Madam Speaker, I listened with fascination to my colleague's dissertation, and many of her complaints are absolutely fair. Our role as opposition is to show when there are problems with bills. That is what we are here to do.
Clearly, this bill does not go far enough in addressing the outstanding crisis that we are seeing across this country. However, the question is what we do with the bill before us. I see what the Bloc is doing. It is attempting to divert attention by saying that this is an attempt to treat Quebec unfairly.
We know the mendacity of that argument. I am not even going to respond to it. Does it address all the workers? No, it does not, but does it address some workers? Yes, it does. What should the opposition do at that point? We must continue to fight for fair EI.
I will put this question to the member. Is the Bloc Quebecois the trained poodle of the Liberal Party? When the Liberal Party says that it wants an election and that it does not matter that there is $1 billion on the table, does the Bloc run behind it and say, “Me too, me too”?
That is not opposition.

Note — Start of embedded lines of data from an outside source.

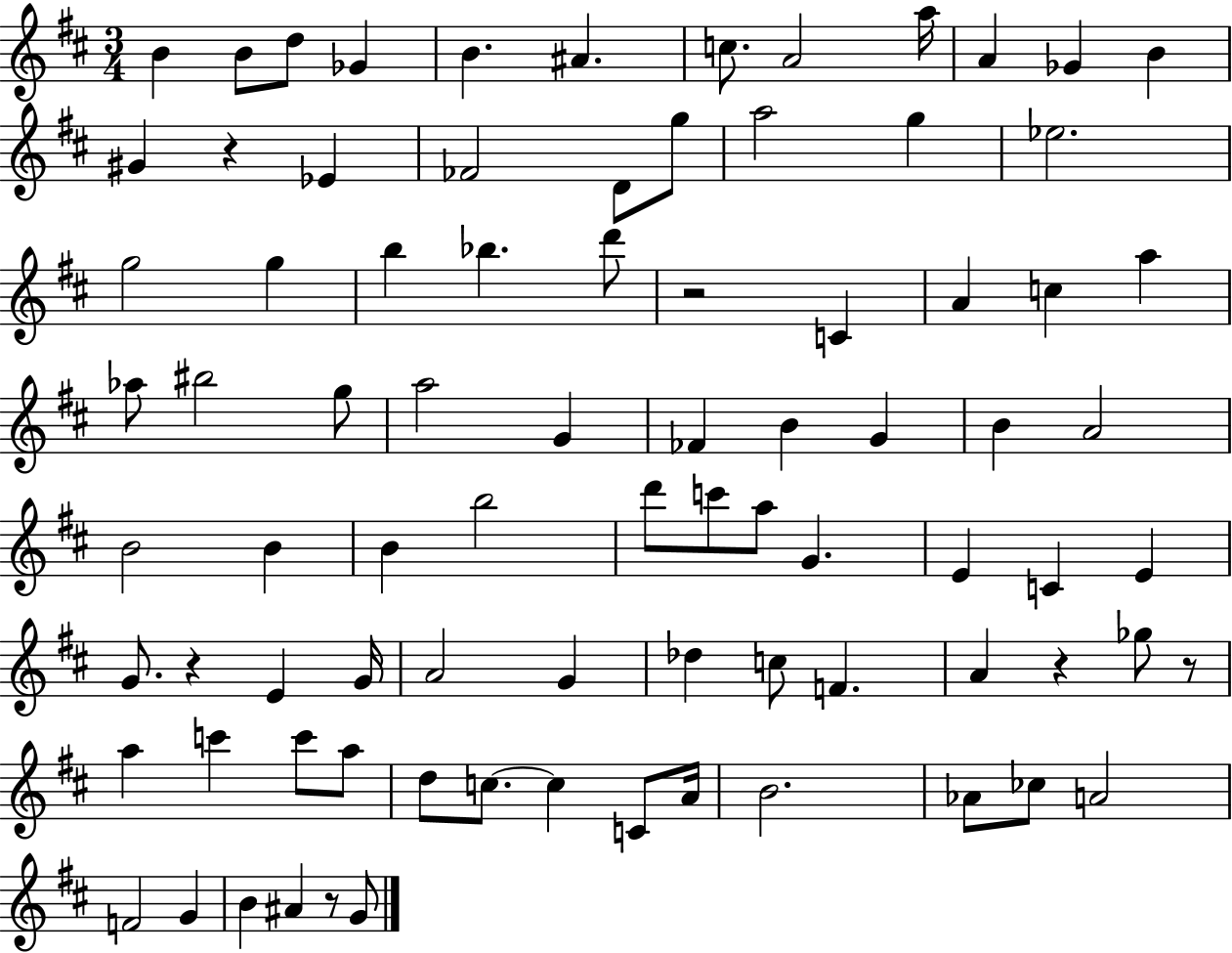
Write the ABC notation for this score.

X:1
T:Untitled
M:3/4
L:1/4
K:D
B B/2 d/2 _G B ^A c/2 A2 a/4 A _G B ^G z _E _F2 D/2 g/2 a2 g _e2 g2 g b _b d'/2 z2 C A c a _a/2 ^b2 g/2 a2 G _F B G B A2 B2 B B b2 d'/2 c'/2 a/2 G E C E G/2 z E G/4 A2 G _d c/2 F A z _g/2 z/2 a c' c'/2 a/2 d/2 c/2 c C/2 A/4 B2 _A/2 _c/2 A2 F2 G B ^A z/2 G/2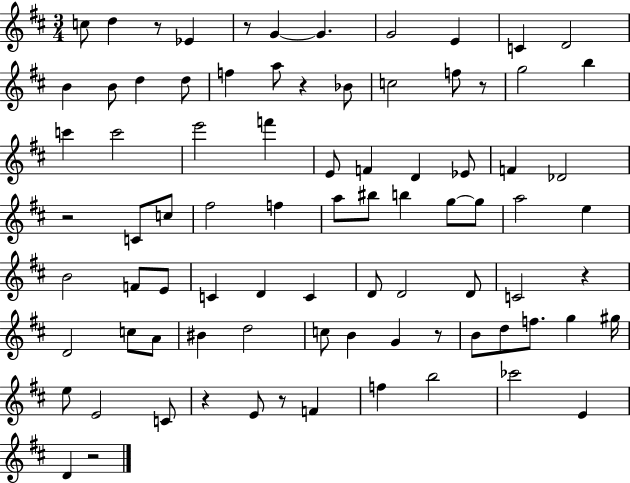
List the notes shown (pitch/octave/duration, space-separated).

C5/e D5/q R/e Eb4/q R/e G4/q G4/q. G4/h E4/q C4/q D4/h B4/q B4/e D5/q D5/e F5/q A5/e R/q Bb4/e C5/h F5/e R/e G5/h B5/q C6/q C6/h E6/h F6/q E4/e F4/q D4/q Eb4/e F4/q Db4/h R/h C4/e C5/e F#5/h F5/q A5/e BIS5/e B5/q G5/e G5/e A5/h E5/q B4/h F4/e E4/e C4/q D4/q C4/q D4/e D4/h D4/e C4/h R/q D4/h C5/e A4/e BIS4/q D5/h C5/e B4/q G4/q R/e B4/e D5/e F5/e. G5/q G#5/s E5/e E4/h C4/e R/q E4/e R/e F4/q F5/q B5/h CES6/h E4/q D4/q R/h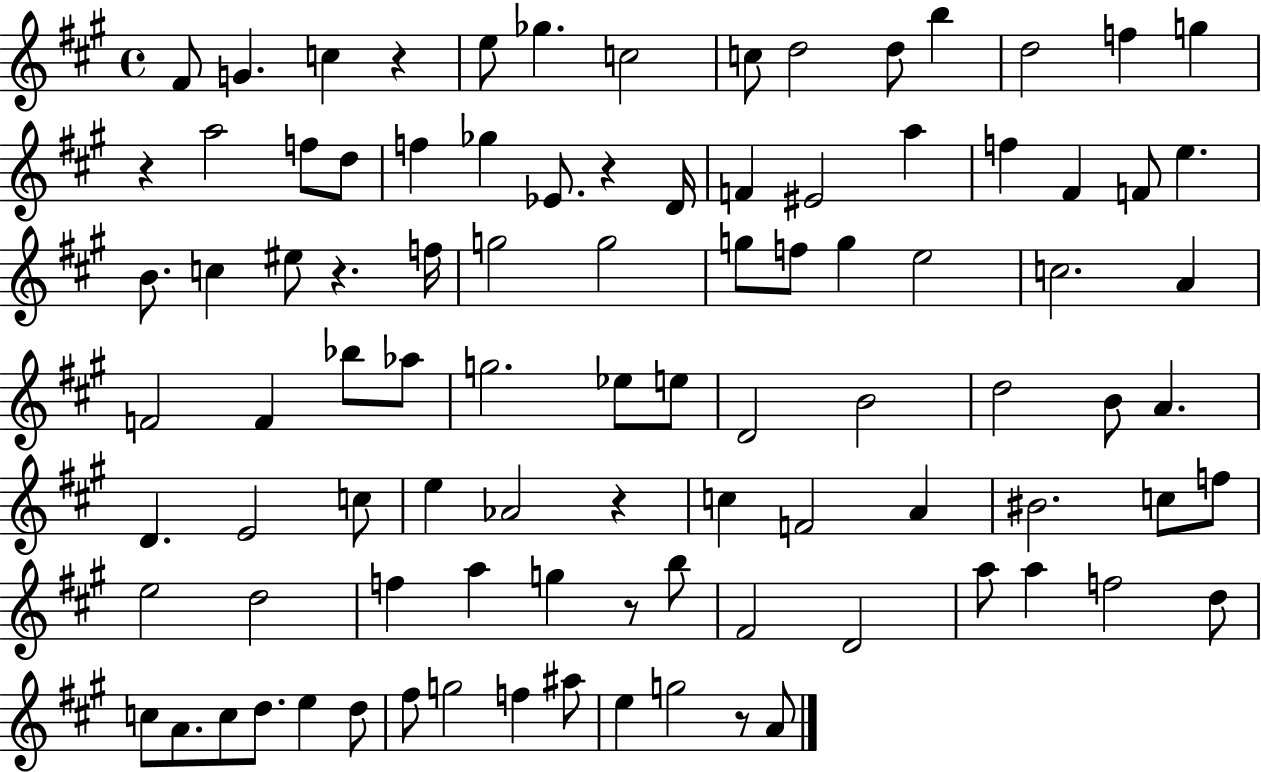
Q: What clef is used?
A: treble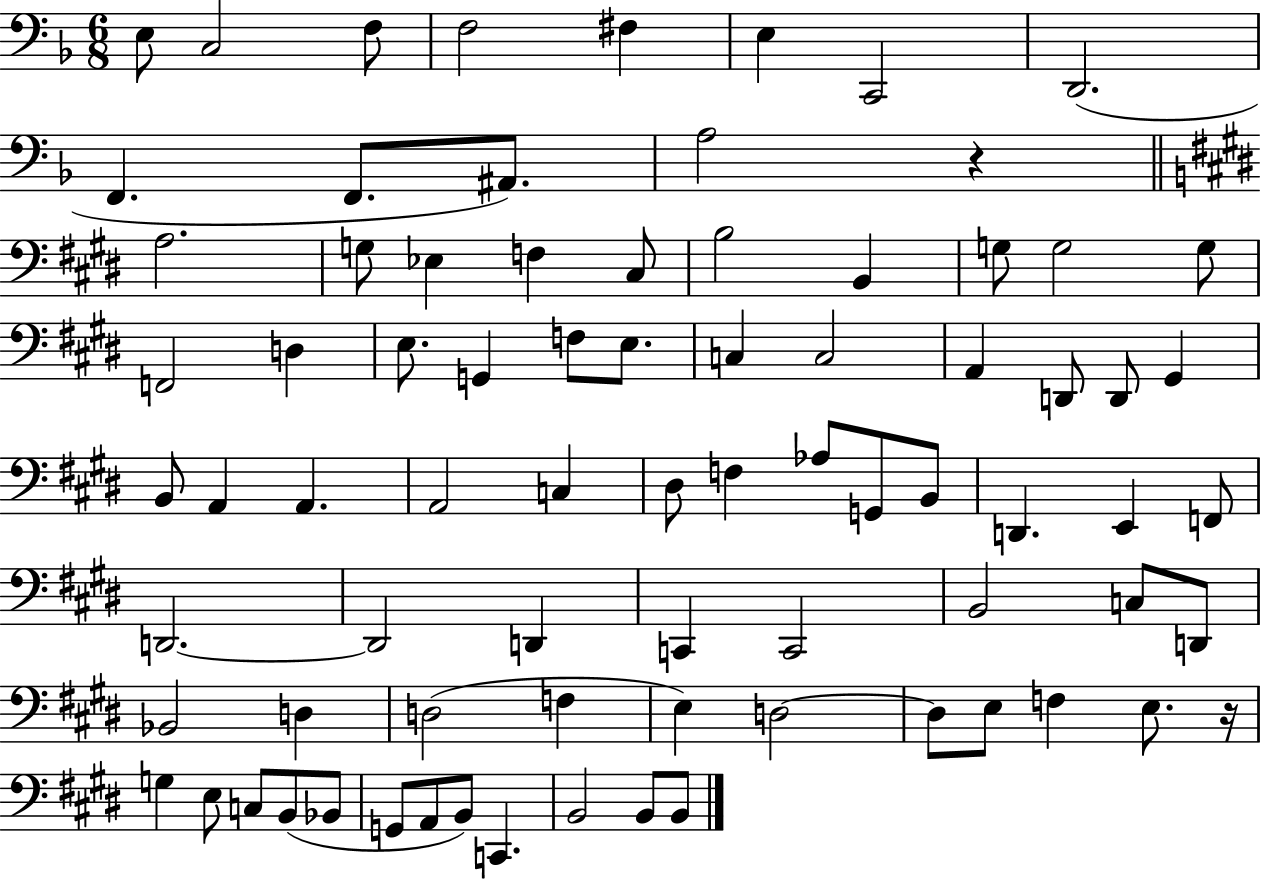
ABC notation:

X:1
T:Untitled
M:6/8
L:1/4
K:F
E,/2 C,2 F,/2 F,2 ^F, E, C,,2 D,,2 F,, F,,/2 ^A,,/2 A,2 z A,2 G,/2 _E, F, ^C,/2 B,2 B,, G,/2 G,2 G,/2 F,,2 D, E,/2 G,, F,/2 E,/2 C, C,2 A,, D,,/2 D,,/2 ^G,, B,,/2 A,, A,, A,,2 C, ^D,/2 F, _A,/2 G,,/2 B,,/2 D,, E,, F,,/2 D,,2 D,,2 D,, C,, C,,2 B,,2 C,/2 D,,/2 _B,,2 D, D,2 F, E, D,2 D,/2 E,/2 F, E,/2 z/4 G, E,/2 C,/2 B,,/2 _B,,/2 G,,/2 A,,/2 B,,/2 C,, B,,2 B,,/2 B,,/2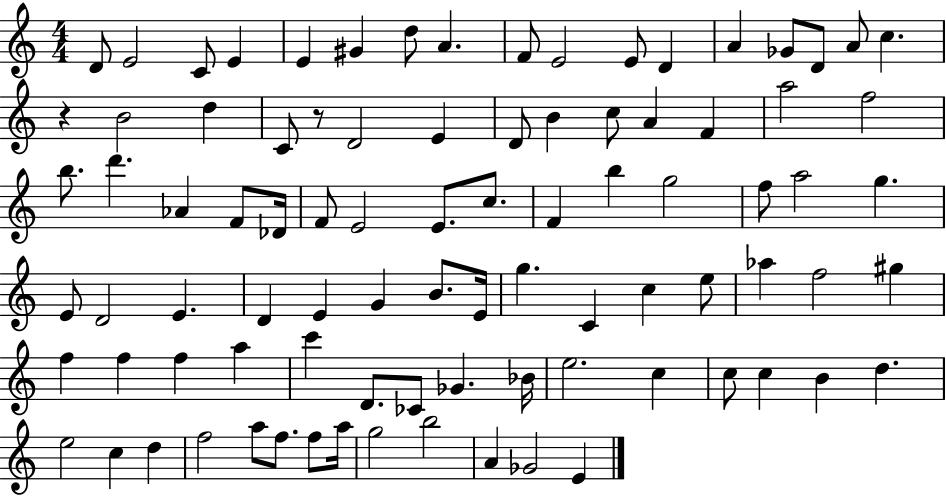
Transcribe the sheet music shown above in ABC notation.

X:1
T:Untitled
M:4/4
L:1/4
K:C
D/2 E2 C/2 E E ^G d/2 A F/2 E2 E/2 D A _G/2 D/2 A/2 c z B2 d C/2 z/2 D2 E D/2 B c/2 A F a2 f2 b/2 d' _A F/2 _D/4 F/2 E2 E/2 c/2 F b g2 f/2 a2 g E/2 D2 E D E G B/2 E/4 g C c e/2 _a f2 ^g f f f a c' D/2 _C/2 _G _B/4 e2 c c/2 c B d e2 c d f2 a/2 f/2 f/2 a/4 g2 b2 A _G2 E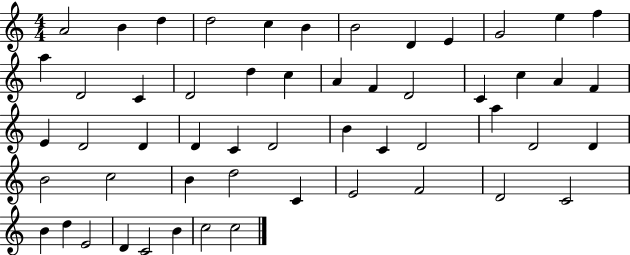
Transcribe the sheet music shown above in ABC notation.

X:1
T:Untitled
M:4/4
L:1/4
K:C
A2 B d d2 c B B2 D E G2 e f a D2 C D2 d c A F D2 C c A F E D2 D D C D2 B C D2 a D2 D B2 c2 B d2 C E2 F2 D2 C2 B d E2 D C2 B c2 c2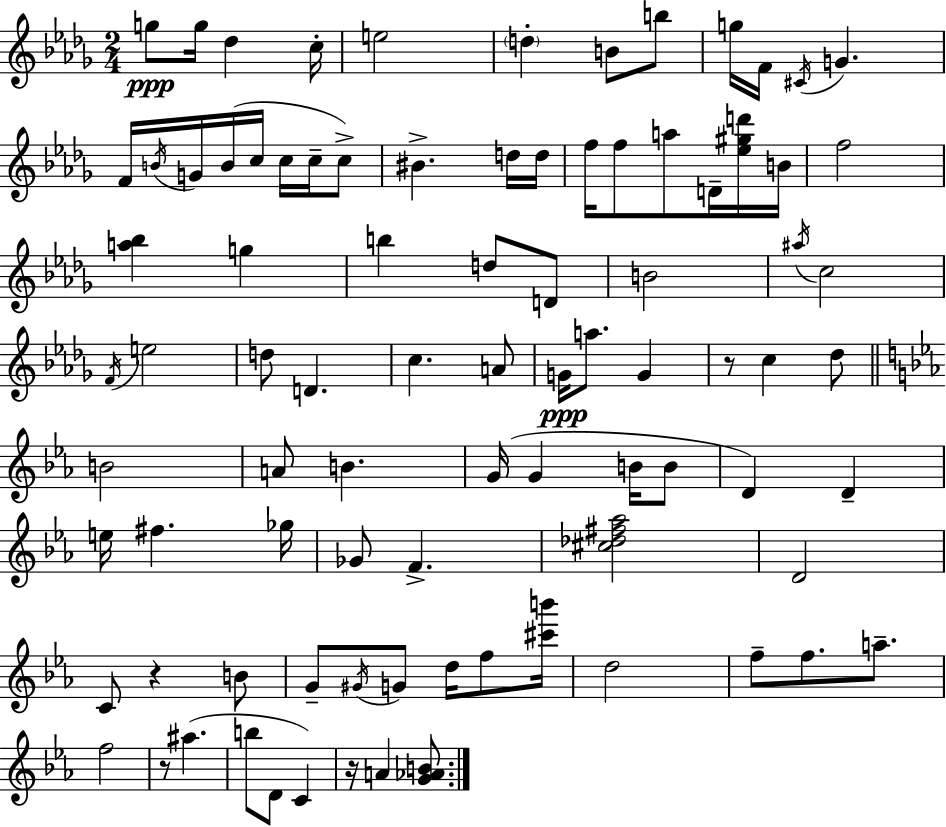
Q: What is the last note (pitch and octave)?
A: A4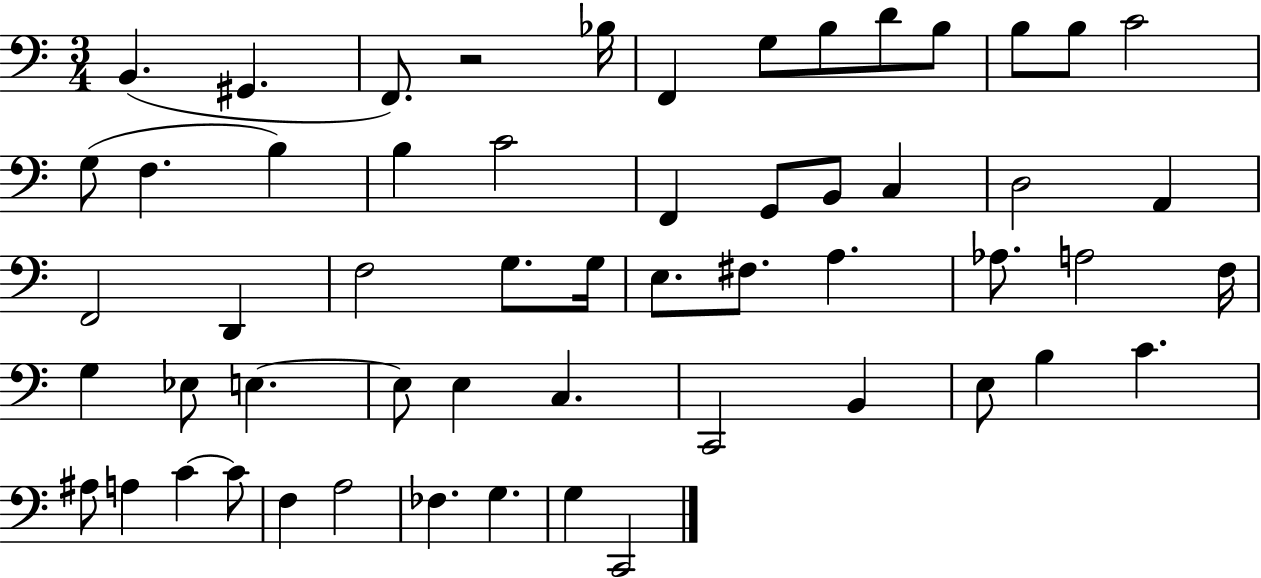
X:1
T:Untitled
M:3/4
L:1/4
K:C
B,, ^G,, F,,/2 z2 _B,/4 F,, G,/2 B,/2 D/2 B,/2 B,/2 B,/2 C2 G,/2 F, B, B, C2 F,, G,,/2 B,,/2 C, D,2 A,, F,,2 D,, F,2 G,/2 G,/4 E,/2 ^F,/2 A, _A,/2 A,2 F,/4 G, _E,/2 E, E,/2 E, C, C,,2 B,, E,/2 B, C ^A,/2 A, C C/2 F, A,2 _F, G, G, C,,2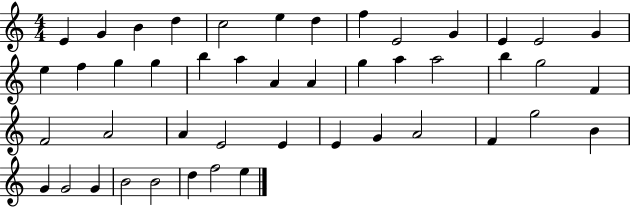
X:1
T:Untitled
M:4/4
L:1/4
K:C
E G B d c2 e d f E2 G E E2 G e f g g b a A A g a a2 b g2 F F2 A2 A E2 E E G A2 F g2 B G G2 G B2 B2 d f2 e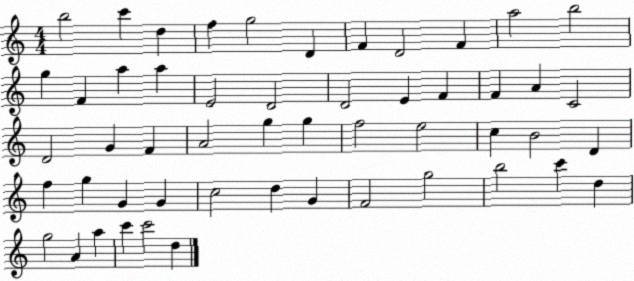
X:1
T:Untitled
M:4/4
L:1/4
K:C
b2 c' d f g2 D F D2 F a2 b2 g F a a E2 D2 D2 E F F A C2 D2 G F A2 g g f2 e2 c B2 D f g G G c2 d G F2 g2 b2 c' d g2 A a c' c'2 d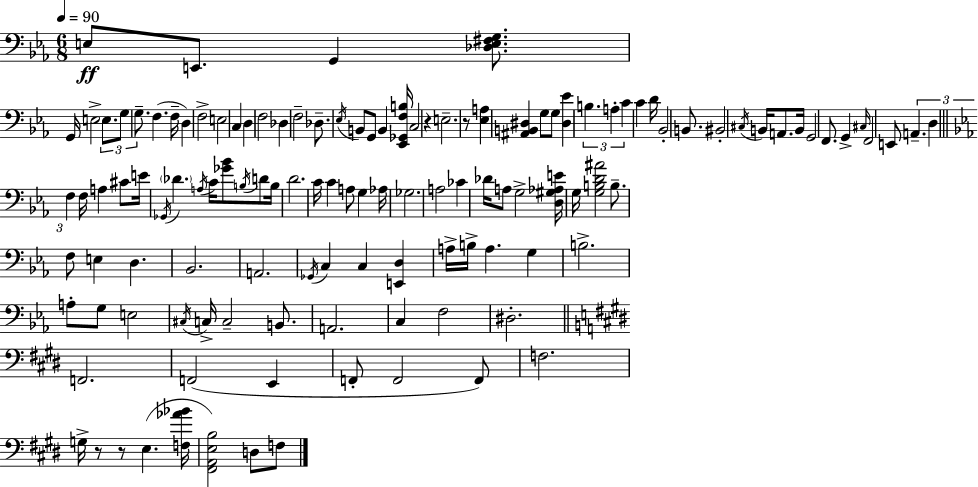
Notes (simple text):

E3/e E2/e. G2/q [Db3,E3,F#3,G3]/e. G2/s E3/h E3/e. G3/e G3/e. F3/q. F3/s D3/q F3/h E3/h C3/q D3/q F3/h Db3/q F3/h Db3/e. Eb3/s B2/e G2/e B2/q [Eb2,Gb2,F3,B3]/s C3/h R/q E3/h. R/e [Eb3,A3]/q [A#2,B2,D#3]/q G3/e G3/e [D#3,Eb4]/q B3/q. A3/q C4/q C4/q D4/s Bb2/h B2/e. BIS2/h C#3/s B2/s A2/e. B2/s G2/h F2/e. G2/q C#3/s F2/h E2/e A2/q. D3/q F3/q F3/s A3/q C#4/e E4/s Gb2/s Db4/q. A3/s C4/s [Gb4,Bb4]/e B3/s D4/e B3/s D4/h. C4/s C4/q A3/e G3/q Ab3/s Gb3/h. A3/h CES4/q Db4/s A3/e G3/h [D3,G#3,Ab3,E4]/s G3/s [G3,B3,D4,A#4]/h B3/e. F3/e E3/q D3/q. Bb2/h. A2/h. Gb2/s C3/q C3/q [E2,D3]/q A3/s B3/s A3/q. G3/q B3/h. A3/e G3/e E3/h C#3/s C3/s C3/h B2/e. A2/h. C3/q F3/h D#3/h. F2/h. F2/h E2/q F2/e F2/h F2/e F3/h. G3/s R/e R/e E3/q. [F3,Ab4,Bb4]/s [F#2,A2,E3,B3]/h D3/e F3/e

Under the Liberals for the last two years, nothing was being put on the table for EI. Now, we have $1 billion. It is certainly not enough. There are other bills that have to be addressed. We have to continue to fight for that.
I would like to ask my hon. colleague a valid question here. Is she running after the Liberal Party leader, or is she going to stay here in the House and make sure that this money gets out to people?